Menhub dan Menko Marves Diminta Kompak soal Masalah Penyeberangan
- ANTARA FOTO/Reno Esnir
VIVA – ?Praktisi transportasi dan penyeberangan Bambang Haryo Soekartono mengatakan Menteri Perhubungan dan Menko Maritim dan Investasi saling lempar tanggung jawab soal tarif angkutan penyeberangan sehingga tak kunjung ditetapkan meskipun sudah dibahas selama 1,5 tahun lebih.
Menurut anggota DPR RI periode 2014-2019 itu, molornya penetapan tarif penyeberangan menunjukkan Menhub dan Menko Maritim dan Investasi tidak profesional dan konsisten dalam menjalankan regulasi dan undang-undang.
"Kemenhub sendiri sudah mengundur-undur evaluasi tarif penyeberangan hingga 1,5 tahun sehingga 3 tahun tidak pernah disesuaikan. Sekarang kembali terganjal di Menko Marves dengan alasan belum ada data untuk dikaji. Padahal, pelimpahan kajian di Kemenko Marves sudah berlangsung lebih dari 3 bulan," kata Bambang, dalam keterangan tertulisnya, Jumat, 24 Januari 2020.
Dewan Penasihat Gabungan Pengusaha Nasional Angkutan Sungai, Danau, dan Penyeberangan (Gapasdap), ini mengaku sudah bertemu langsung dengan pejabat di Kemenko Maritim dan Investasi yang ditugaskan Menko Luhut mengevaluasi tarif.
"Pejabat yang merupakan Staf Ahli Menko Marves itu mengaku tidak mengerti maritim dan baru pertama kali membahas soal penyeberangan. Dia bilang masih menunggu data sehingga belum bisa mengkaji usulan tarif dari Kemenhub," ujarnya.
Politikus Gerindra itu mengatakan, apabila Menko Luhut dan stafnya profesional, mengerti dan memprioritaskan maritim, seharusnya mengingatkan Menhub agar segera membereskan evaluasi tarif karena kondisi penyeberangan sudah kritis dan terancam berhenti operasi dalam waktu dekat.
Mengenai pengakuan Staf Ahli Menko Maritim dan Investasi yang menyebut belum punya data angkutan penyeberangan, Bambang menilai hanya mencari alasan.

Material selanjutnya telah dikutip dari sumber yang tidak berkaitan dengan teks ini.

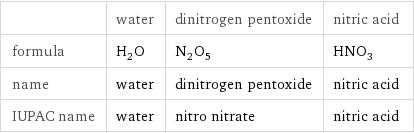  | water | dinitrogen pentoxide | nitric acid formula | H_2O | N_2O_5 | HNO_3 name | water | dinitrogen pentoxide | nitric acid IUPAC name | water | nitro nitrate | nitric acid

Karena menurut Kemenhub sudah menyerahkan semua data terkait angkutan penyeberangan, Menko Maritim dan Investasi bisa dengan mudah meminta data dari PT ASDP Indonesia Ferry (Persero).
Dia mengatakan, PT ASDP yang merupakan kaki tangan pemerintah di sektor penyeberangan memiliki semua data yang diperlukan Menko Maritim dan Investasi, seperti pendapatan dan biaya.
"ASDP tahu persis pendapatan perusahaan penyeberangan karena dia yang menjual tiket, ASDP juga tahu persis biaya operasional kapal karena dia operator kapal dan memungut biaya kepelabuhanan," jelasnya.
Keterlibatan Menko Marves dalam evaluasi tarif penyeberangan baru pertama kali, dikarenakan penerbitan Inpres Nomor 7/2019 tentang Percepatan Kemudahan Berusaha.
"Inpres yang harusnya untuk kemudahan usaha, kenyataannya mempersulit usaha dan perizinan. Kalau mengurusi satu sektor ini saja tidak beres, bagaimana mungkin pemerintah menjalankan Omnibus Law yang melibatkan ribuan regulasi sesuai kebijakan Presiden Jokowi," tuturnya.
Bambang mengatakan, penyesuaian tarif penyeberangan ini untuk membuktikan apakah Menhub dan Menko Maritim dan Investasi bisa menjalankan visi dan misi Presiden Joko Widodo untuk memajukan sektor maritim.
Menurutnya, kedua kementerian tersebut begitu cepat menanggapi tarif ojek online tetapi tarif kapal feri yang merupakan industri maritim malah diundur-undur. Padahal, ditegaskan Bambang, risikonya jauh lebih besar untuk menjamin keselamatan nyawa publik.
"Mana prioritas maritim yang menjadi jargon Pak Jokowi menjadi perhatian kedua kementerian tadi. Dan apabila penyeberangan sampai terhenti, Presiden Jokowi pasti akan disalahkan rakyat karena logistik antarpulau seluruh Indonesia akan macet total dan ekonomi terganggu," tuturnya.